Notes Book

Containment

Containment of nuclear, biological, and chemical weapons is not a viable long-term strategy. Weapons of all types will continue to get cheaper, smaller, and easier to obtain. New types of weapons will be invented. Nanotech has frightening potential to be weaponized. It's folly for anyone to think that he or his associates will be able to maintain a monopoly on the use of any type of weapons.

As a matter of fact, there is evidence to indicate that the policy of containment is contributing to the spread of dangerous weapons. If we leave the countries alone that have them, and harass the countries that do not, why should we be surprised if the countries that do not have these weapons should want them.

You would think the policy makers in Washington DC would know that, and it's possible that they do not, but there is another, darker possibility. Maybe they do, realize that the policy of containment is promoting interest in weapon technology of all kinds, and they just want to sell a lot of weapons.

There may be a parallel with the War on Drugs. A cynic might view the War on Drugs is the most successful advertising and marketing campaign of the last century.

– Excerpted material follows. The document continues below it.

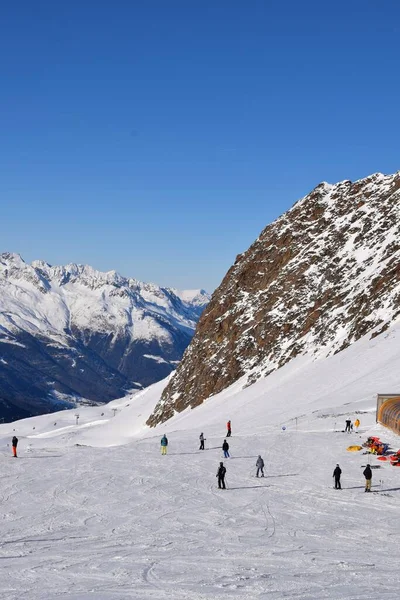 Narciarze Snowboardziści Ośrodku Narciarskim Hochgurgl Tle Doliny Otztal Pokrytych Śniegiem — Zdjęcie stockowe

The war on drugs has taken something that was fairly cheap with a small market, and made it something outrageously expensive with a huge market. A cynic might also think that a great deal of the proceed from this huge drug market end up in Washington DC.

I see no possibility of a successful policy of containment of weapons of mass destruction based on the threat of being attacked with weapons of mass destruction. If we are serious about limiting the number of weapons of mass destruction, we should get rid of our own as the first step.

It is remarkably similar to a bunch of drunks telling a bunch of hippies they can't smoke pot. I don't see a reason to have enough weapons to kill every person on the face of the earth 1000 times.